A problem about a quadrilateral and diagonals in Kiselev's Geometry (Exercise 521).

Question

The problem is from Kiselev's Geometry exercise 521:

In a quadrilateral $ABCD$, through the midpoint of the diagonal $BD$, the line parallel to the diagonal $AC$ is drawn. Suppose that this line intersects the side $AB$ at a point $E$. Prove that the line $CE$ bisects the area of the quadrilateral.

[Edited] I originally thought the intersection should be on the extension of the side, but as @Aqua has pointed it out, it does not hold in that case.

Here is my geogoebra figure of the exercise.
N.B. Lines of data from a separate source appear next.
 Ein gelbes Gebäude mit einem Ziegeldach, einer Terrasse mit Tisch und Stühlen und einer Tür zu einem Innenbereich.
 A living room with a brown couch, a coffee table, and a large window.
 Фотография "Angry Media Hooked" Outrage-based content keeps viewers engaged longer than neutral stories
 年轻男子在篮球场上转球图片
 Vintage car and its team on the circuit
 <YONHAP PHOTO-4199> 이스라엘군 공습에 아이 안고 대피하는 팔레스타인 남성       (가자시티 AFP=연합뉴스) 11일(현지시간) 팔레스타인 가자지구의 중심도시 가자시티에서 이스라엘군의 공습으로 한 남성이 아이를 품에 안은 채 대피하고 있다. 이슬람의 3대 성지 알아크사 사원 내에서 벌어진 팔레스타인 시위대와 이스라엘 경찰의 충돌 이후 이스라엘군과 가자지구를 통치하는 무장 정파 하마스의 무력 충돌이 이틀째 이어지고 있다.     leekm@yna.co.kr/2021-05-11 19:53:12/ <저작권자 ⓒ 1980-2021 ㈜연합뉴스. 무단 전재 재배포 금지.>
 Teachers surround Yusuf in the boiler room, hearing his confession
I found that depending on the location of the points, the intersection point might be on the side $AD$:

My attempt was to assign variables to the ratios between the segments divided by the diagonals, but it became way too cumbersome to calculate the ratio of the area. Another problem was to find which part of the quadrilateral will become a triangle by the line $CE$.
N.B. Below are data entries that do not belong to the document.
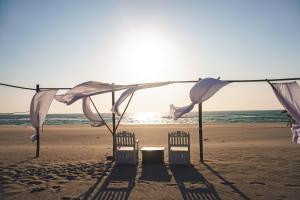 dos sillas en la playa bajo una sombrilla en Club Monet Beachfront Resort by Cocotel, en Zambales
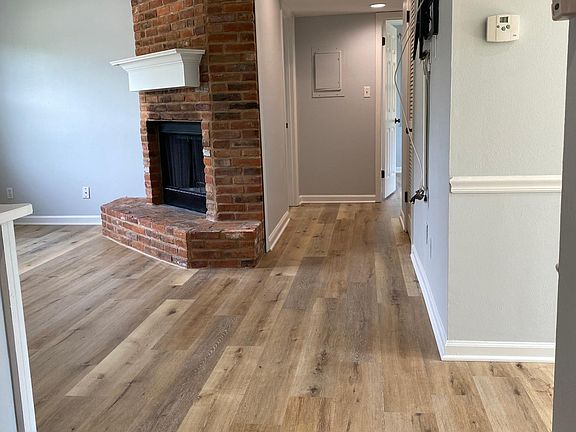 View at the top of the steps looking down the hallway with the family room to the left and the dining room/kitchen to the right.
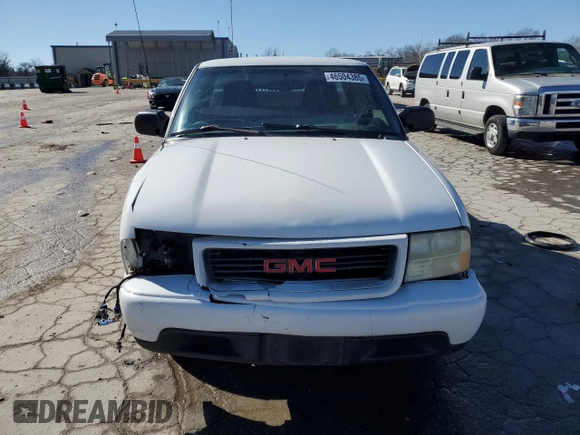 2001 GMC Sonoma SLS 1SG z VIN 1GTCS19W118257613, wystawiony jako Copart lot #46504385 z przebiegiem 217 842 mil mil oraz Szkody całkowita. Historia ofert i sprzedaży dostępna na DreamBid. Obrazek 5.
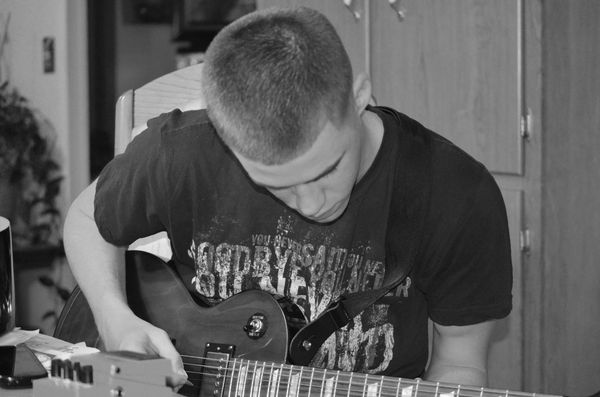 My son Playing guitar...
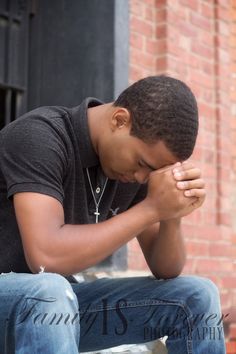 a young man sitting on a bench in front of a brick building holding his hands to his face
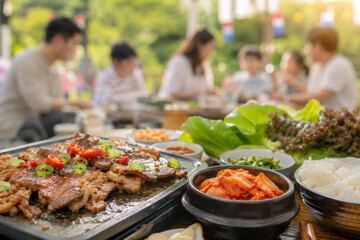 Obraz premium Korean family celebrating National Foundation Day with barbecue, kimchi and rice in a outdoor gathering.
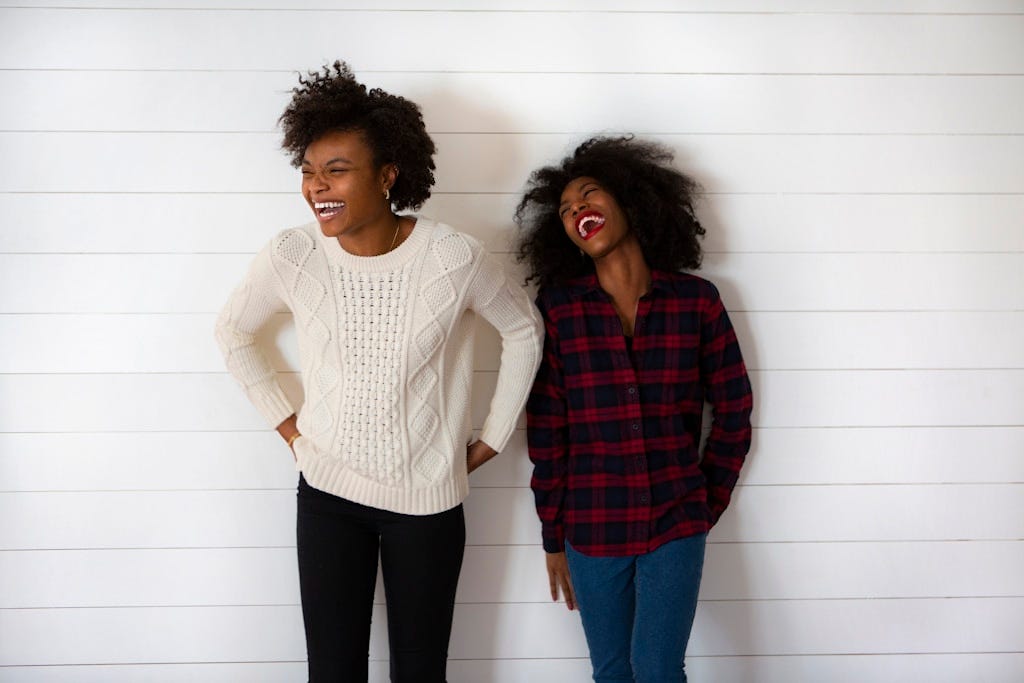two woman smiling two woman smiling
Any help would be much appreciated.

Answer 1

Solution to modified problem.

Let parallel to $AC$ through $D$ cuts line $AB$ at $F$.
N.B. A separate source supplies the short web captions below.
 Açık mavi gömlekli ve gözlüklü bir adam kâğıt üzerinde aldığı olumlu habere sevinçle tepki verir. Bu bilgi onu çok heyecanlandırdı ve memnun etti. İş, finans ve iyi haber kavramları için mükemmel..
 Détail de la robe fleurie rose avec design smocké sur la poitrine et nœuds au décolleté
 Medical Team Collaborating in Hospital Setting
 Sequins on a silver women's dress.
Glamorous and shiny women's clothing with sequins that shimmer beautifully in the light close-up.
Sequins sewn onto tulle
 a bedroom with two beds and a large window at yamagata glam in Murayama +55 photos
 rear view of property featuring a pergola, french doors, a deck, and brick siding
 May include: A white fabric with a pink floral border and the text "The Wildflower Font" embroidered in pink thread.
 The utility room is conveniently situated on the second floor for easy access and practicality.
Then $Area(ACD) = Area(FCA)$ (brown and green triangles, they have the same base $AC$ and high). Then $Area(AECD) = Area(FEC)$.

Now since $ME||DF$ we see that $E$ halves $BF$ which means that triangles $FEC$ and $EBC$ have equal area and we are done.

Answer 2

The statement does not hold. Move $A\to D$. If $A=D$ the quadrilateral is actually triangle $ABC$ and $CM$ halves the area of it and not $CE$.